Styx allows you to assert runtime behaviors of emulation using existing tools like pytest.

Using the Styx Python bindings, we can create a processor, run a firmware and assert runtime behaviors before, during, and after emulation.

We will follow the example found in styx/bindings/styx-py-api/examples/uart-integration-test/main.py.

Test Design

We want to construct a test to run under pytest. Let’s create an outline of our test:

def test_uart():
    proc = build_processor()
    # nonblocking, uart client will stop processor when message is received
    uart_recv = start_uart_client(proc)

    # blocking, processor will stop when uart message received
    proc.start()

    # assert our received message is correct
    assert uart_recv == bytearray(b"Hello world.\r\n")

Now let’s have to build out these components.

Building the Processor

To build our processor we first have to start by defining our test binary. Since we are running through the pytest script which will be located in venv/bin, our path will be located relative to that.

# pytest is located in venv/bin so out target program is relative to that.
TARGET_PROGRAM = "../../data/test-binaries/arm/kinetis_21/bin/freertos_hello/freertos_hello_debug.bin"


def get_script_path() -> Path:
    """Get directory of this script."""
    return Path(sys.argv[0]).resolve().parent


def target_program_path() -> Path:
    """Get absolute target firmware path"""
    return get_script_path() / TARGET_PROGRAM

Next we design build_processor() to easily construct our processor in our tests. Our target is a Kinetis21 that runs ARM Cortex M4. The options here are documented. See the Styx ProcessorBuilder documentation for more information on the possible configuration.

def build_processor(backend: Backend):
    """
    Builds Kinetis21 processor

    LittleEndian
    firmware: FreeRTOS "hello world" (RawLoader)
    cpu: ArmCortexM4 variant on chosen backend
    plugins:
        - ProcessorTracingPlugin
    """
    # builder pattern for configuring a new processor
    builder = ProcessorBuilder()

    # define the path to our firmware image
    builder.target_program = str(target_program_path())
    # select an open port for ipc
    builder.ipc_port = 0
    # firmware image is a raw memory dump, no mapping needed
    builder.loader = RawLoader()
    # default executor is okay
    builder.executor = DefaultExecutor()
    # set our chosen backend
    builder.backend = backend
    # plugin for capturing and printing logs (traces)
    builder.add_plugin(ProcessorTracingPlugin())
    # cpu info
    builder.variant = ArmVariant.ArmCortexM4
    builder.endian = ArchEndian.LittleEndian
    return builder.build(Target.Kinetis21)

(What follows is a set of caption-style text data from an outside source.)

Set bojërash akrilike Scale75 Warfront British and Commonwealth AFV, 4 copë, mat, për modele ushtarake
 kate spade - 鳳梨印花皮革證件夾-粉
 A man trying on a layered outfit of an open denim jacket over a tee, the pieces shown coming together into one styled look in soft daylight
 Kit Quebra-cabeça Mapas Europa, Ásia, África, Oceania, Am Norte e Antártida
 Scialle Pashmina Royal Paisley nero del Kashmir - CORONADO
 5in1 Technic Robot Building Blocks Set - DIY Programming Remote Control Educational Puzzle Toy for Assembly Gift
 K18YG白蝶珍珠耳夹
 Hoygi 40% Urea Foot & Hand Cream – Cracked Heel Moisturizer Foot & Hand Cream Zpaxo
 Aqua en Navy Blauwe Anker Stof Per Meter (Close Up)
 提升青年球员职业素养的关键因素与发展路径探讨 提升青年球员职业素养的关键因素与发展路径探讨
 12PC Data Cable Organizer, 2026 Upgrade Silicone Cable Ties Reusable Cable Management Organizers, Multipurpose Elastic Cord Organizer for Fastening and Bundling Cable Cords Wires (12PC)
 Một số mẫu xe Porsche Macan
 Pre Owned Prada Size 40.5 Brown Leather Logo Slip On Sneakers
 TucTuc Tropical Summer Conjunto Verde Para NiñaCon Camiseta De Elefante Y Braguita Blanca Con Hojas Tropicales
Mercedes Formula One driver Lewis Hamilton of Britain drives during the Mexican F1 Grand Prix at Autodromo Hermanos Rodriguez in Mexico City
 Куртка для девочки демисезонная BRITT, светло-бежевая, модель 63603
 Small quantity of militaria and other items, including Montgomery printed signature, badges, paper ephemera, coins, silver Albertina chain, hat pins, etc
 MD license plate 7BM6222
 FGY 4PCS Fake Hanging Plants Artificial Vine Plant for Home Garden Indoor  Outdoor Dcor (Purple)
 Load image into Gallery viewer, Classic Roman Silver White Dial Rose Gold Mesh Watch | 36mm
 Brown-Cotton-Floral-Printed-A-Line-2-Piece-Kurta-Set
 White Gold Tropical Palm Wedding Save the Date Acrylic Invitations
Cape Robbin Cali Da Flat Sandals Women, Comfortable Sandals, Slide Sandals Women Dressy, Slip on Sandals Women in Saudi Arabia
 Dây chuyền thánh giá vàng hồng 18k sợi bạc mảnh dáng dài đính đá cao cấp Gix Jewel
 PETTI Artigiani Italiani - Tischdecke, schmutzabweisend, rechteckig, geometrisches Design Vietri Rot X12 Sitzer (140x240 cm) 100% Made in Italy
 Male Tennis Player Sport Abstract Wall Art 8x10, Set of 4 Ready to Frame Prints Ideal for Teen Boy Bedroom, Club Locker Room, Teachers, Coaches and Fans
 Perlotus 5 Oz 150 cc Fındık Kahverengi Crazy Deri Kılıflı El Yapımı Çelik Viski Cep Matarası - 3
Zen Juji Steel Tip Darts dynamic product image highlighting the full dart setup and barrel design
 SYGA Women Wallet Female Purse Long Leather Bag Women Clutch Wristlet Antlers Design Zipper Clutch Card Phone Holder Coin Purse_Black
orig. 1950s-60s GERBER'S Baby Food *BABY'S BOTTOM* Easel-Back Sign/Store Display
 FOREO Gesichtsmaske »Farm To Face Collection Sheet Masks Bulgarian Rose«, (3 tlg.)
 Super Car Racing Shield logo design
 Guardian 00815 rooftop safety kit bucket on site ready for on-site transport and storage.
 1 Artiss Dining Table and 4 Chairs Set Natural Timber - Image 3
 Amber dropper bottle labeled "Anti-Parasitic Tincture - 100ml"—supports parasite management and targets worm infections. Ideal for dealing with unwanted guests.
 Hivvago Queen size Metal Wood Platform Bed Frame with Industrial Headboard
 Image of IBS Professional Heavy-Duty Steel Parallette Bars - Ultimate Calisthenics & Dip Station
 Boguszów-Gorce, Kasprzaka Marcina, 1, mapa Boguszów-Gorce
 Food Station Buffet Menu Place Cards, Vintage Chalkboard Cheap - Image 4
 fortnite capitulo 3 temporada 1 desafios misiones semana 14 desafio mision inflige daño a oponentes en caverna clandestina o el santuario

Now that we have a processor, we must build a UART client to send it data over UART.

UART Client

Below is the outline for start_uart_client(). The idea is that we create a UART client that communicates with the given processor and send the client to a separate thread that monitors for incoming data and appends to a buffer of all received UART data. The caller of start_uart_client() then receives a reference to the growing bytearray of received UART data.

The caller can use this bytearrary to see incoming UART data or analyze it after emulation to check for correctness.

def start_uart_client(proc: Processor) -> bytearray:
    """
    Connect UART client to processor and return bytearray with all received data.

    The UART client connects to the UART server started by the processor. In this example, it
    receives the "Hello World" message from the target after which it stops the processor.

    A bytearray is created and sent to the UART thread as well as returned to the caller. The
    bytearray will be updated with all received UART data.
    """
    # create received bytes bytearray

    # create uart client

    # start uart monitor thread

    # return received bytes bytearray
    pass

Styx conveniently provides a UartClient that allows us to send and receive UART data to the target through the processor’s IPC mechanisms.

The UartClient can be instantiated like so, where ipc_port is the port opened by the processor to facilitate ipc and DEBUG_UART_PORT is hardware specific, defined by the firmware.

from styx.peripherals import UartClient

client = UartClient(f"http://127.0.0.1:{ipc_port}", DEBUG_UART_PORT)

Assuming we have the UART monitoring logic in function uart_thread, the starting of the UART client looks like the following.

def start_uart_client(proc: Processor) -> bytearray:
    """
    Connect UART client to processor and return bytearray with all received data.

    The UART client connects to the UART server started by the processor. In this example, it
    receives the "Hello World" message from the target after which it stops the processor.

    A bytearray is created and sent to the UART thread as well as returned to the caller. The
    bytearray will be updated with all received UART data.
    """
    # create received bytes bytearray
    recv_bytes = bytearray()

    # create uart client
    # defined by the firmware, uses uart port 5
    DEBUG_UART_PORT = 5
    # ipc port of processor to connect to
    ipc_port = proc.resolved_ipc_port
    client = UartClient(f"http://127.0.0.1:{ipc_port}", DEBUG_UART_PORT)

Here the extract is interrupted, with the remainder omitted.